Another one of FDR's frequently overlooked, serious missteps, according to Iowa Politics Today

Perhaps most troubling was Roosevelt's decision to forcefully relocate thousands of Japanese-Americans to isolated internment camps

Frequently overlooked?   Here's a much more complete list.

Here's one of the pitfalls of recalibrating our judgments of historical figures from a present-day perch, which I'm going to approach from the advice provided by one of my college professors in January 1970.

If you want to fully understand and appreciate the world of Chaucer and his pilgrims, you need somehow to put aside your 20th century mindsets.  What you need to do is get inside the heads of Chaucer and his pilgrims so that you can see their world as they saw it.  [Emphasis added.]

In other words, we need to keep in mind the values, beliefs, and attitudes that people held at a particular point in time, no matter how abhorrent, disagreeable, or dislikable we find them today.  In the early months of the U.S. involvement in World War II, for example, the "Yellow Peril" was a well-known derogatory phrase familiar to and still used by many Americans.

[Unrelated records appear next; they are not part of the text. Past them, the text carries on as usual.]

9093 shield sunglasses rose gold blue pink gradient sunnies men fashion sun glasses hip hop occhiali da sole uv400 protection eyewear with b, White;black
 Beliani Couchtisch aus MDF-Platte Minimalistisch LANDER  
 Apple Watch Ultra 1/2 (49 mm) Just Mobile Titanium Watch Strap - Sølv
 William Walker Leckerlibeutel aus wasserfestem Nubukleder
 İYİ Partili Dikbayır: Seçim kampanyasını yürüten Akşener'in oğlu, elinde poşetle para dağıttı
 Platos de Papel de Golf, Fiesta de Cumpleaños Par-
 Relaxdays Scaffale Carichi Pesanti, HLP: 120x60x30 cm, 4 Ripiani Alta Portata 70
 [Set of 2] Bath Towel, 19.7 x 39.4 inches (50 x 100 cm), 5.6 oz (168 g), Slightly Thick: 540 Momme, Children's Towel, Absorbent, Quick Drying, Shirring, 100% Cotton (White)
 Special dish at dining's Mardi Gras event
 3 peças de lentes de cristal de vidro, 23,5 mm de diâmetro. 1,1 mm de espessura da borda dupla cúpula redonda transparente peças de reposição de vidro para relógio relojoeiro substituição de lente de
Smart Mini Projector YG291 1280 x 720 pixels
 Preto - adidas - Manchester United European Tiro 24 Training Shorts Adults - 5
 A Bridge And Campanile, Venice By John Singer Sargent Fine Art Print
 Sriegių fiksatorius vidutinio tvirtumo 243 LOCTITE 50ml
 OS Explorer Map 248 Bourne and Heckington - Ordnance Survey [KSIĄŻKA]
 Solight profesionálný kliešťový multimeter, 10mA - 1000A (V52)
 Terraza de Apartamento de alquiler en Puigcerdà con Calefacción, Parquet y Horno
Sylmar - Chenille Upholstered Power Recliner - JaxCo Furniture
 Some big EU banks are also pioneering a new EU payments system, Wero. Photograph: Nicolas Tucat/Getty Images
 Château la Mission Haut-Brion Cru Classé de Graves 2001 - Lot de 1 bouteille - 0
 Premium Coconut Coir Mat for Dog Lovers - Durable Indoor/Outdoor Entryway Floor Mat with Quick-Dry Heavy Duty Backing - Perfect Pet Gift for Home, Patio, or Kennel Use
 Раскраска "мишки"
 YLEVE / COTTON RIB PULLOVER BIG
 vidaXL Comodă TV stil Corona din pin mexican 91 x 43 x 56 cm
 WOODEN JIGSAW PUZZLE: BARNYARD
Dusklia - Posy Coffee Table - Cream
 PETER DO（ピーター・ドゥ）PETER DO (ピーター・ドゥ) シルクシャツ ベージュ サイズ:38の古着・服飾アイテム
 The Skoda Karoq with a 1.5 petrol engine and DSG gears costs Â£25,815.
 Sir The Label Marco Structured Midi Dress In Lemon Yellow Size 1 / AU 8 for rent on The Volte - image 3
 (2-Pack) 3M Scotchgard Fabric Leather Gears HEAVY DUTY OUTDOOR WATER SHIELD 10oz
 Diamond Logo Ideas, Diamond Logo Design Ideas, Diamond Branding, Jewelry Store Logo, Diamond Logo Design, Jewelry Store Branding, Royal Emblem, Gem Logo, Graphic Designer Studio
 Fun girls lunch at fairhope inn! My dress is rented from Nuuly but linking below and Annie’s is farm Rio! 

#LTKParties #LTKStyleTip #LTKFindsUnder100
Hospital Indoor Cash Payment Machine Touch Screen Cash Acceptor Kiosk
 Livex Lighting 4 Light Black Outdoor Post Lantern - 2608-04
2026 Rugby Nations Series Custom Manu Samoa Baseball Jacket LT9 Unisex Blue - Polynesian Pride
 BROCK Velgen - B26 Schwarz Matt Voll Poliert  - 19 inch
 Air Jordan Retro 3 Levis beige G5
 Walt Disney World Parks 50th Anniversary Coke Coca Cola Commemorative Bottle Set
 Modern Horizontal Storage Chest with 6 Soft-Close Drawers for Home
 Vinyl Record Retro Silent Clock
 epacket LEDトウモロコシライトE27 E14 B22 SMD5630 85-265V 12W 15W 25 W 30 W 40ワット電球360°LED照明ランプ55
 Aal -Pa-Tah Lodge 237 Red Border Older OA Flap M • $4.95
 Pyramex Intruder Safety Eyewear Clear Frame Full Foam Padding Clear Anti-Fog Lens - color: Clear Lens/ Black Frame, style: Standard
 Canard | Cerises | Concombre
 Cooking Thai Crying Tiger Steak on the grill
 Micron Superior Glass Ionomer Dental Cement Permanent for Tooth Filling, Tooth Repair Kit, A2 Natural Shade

As PBS notes in its The War documentary series,
Almost no one protested the government’s decision, and most non-Japanese took the evacuations in stride. 
At the time, about 110,000 Japanese-Americans lived on the West Coast, a little more than 1% of the total California/Oregon/Washington population of just under 10,000,000.   Those Americans who had a personal relationship with Japanese-Americans were much more likely to be disturbed by the government's internment policy.
But some were troubled by the removal of their friends and neighbors. “These students that we were going to school with, they were like our family,” said Dolores Silva of Sacramento. “And all of a sudden they said you have to leave within three days. And it was a terrible shock to us. And they were, like taking away my brothers and sisters. And I just felt so bad and we were just, we had our arms around each other that last day of school and we were all crying. Because we didn’t want them to go. It was not fair.”